Документы из папки летели во все стороны, словно перья из разодранной пуховой подушки, Ольга, прикрываясь руками и уже не пытаясь сопротивляться, визжала на одной ноте:
– Не на-а-адо! Не бе-е-ей! Ты и так мне вчера фингал поставила!
– И ещё поставлю! – уверенно пообещала я, не останавливаясь.
– Всем привет! – гаркнул знакомый голос. Все повернулись к двери, замерев, как в знаменитой сцене из «Ревизора» – у двери стоял ухмыляющийся, довольный Лёнька, имеющий обыкновение всегда появляться в самый подходящий момент. – Ты, я вижу, в ударе! – заметил он, старательно сдерживая смех.
– В ударе я! – пропищала Ольга из-под стола. – Точнее, под ударом, – и опасливо вылезла, почувствовав, что град зуботычин стих.
– Ты как здесь? – спросила я, без сил опускаясь на стул и констатируя для себя мимоходом, что наблюдать его рядом с собой становится делом уже привычным.

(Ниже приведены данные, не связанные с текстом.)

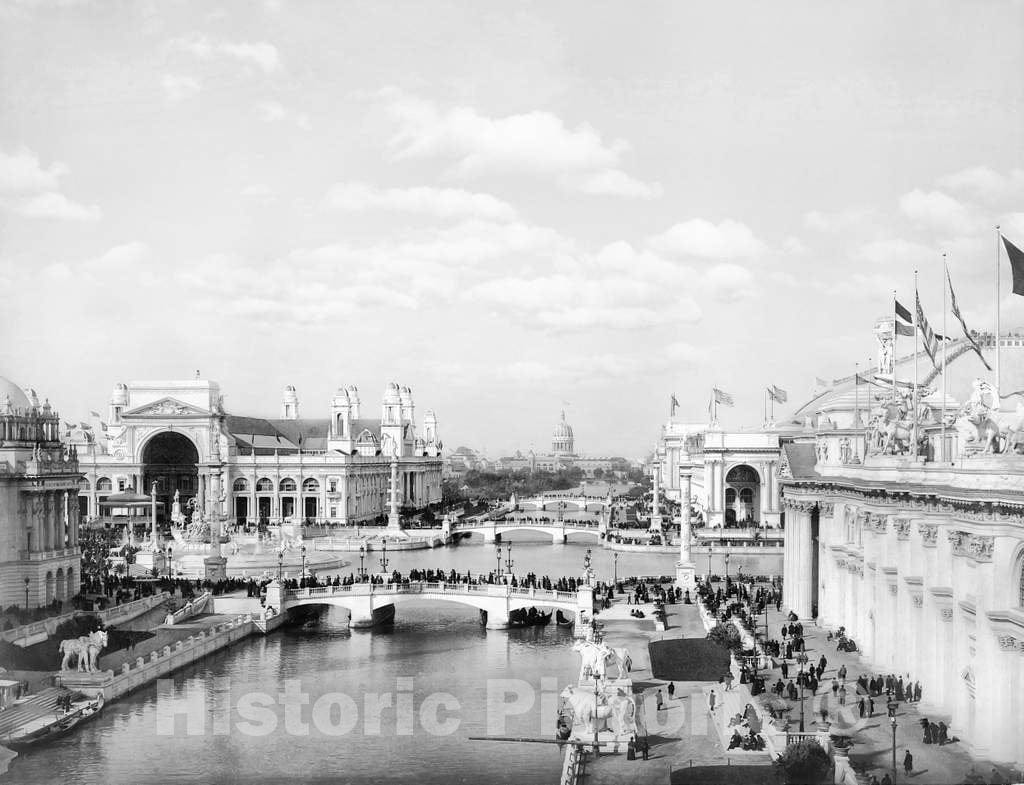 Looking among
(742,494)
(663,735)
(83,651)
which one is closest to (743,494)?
(742,494)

– Рука бойца колоть устала! – прокомментировал он мой потерянный вид, и то, что, усевшись, я принялась разминать действительно уставшую во время показательной порки руку. – А я дурную весть принёс! – заявил он так, будто бы принёс упакованный красной лентой подарок и потряс перед собой ворохом газет, в котором без труда можно было узнать сегодняшний «Карнавал», вдоль и поперёк мной изученный. – Но, судя по всему, опоздал. Вы уже ознакомились с утренней почтой, да?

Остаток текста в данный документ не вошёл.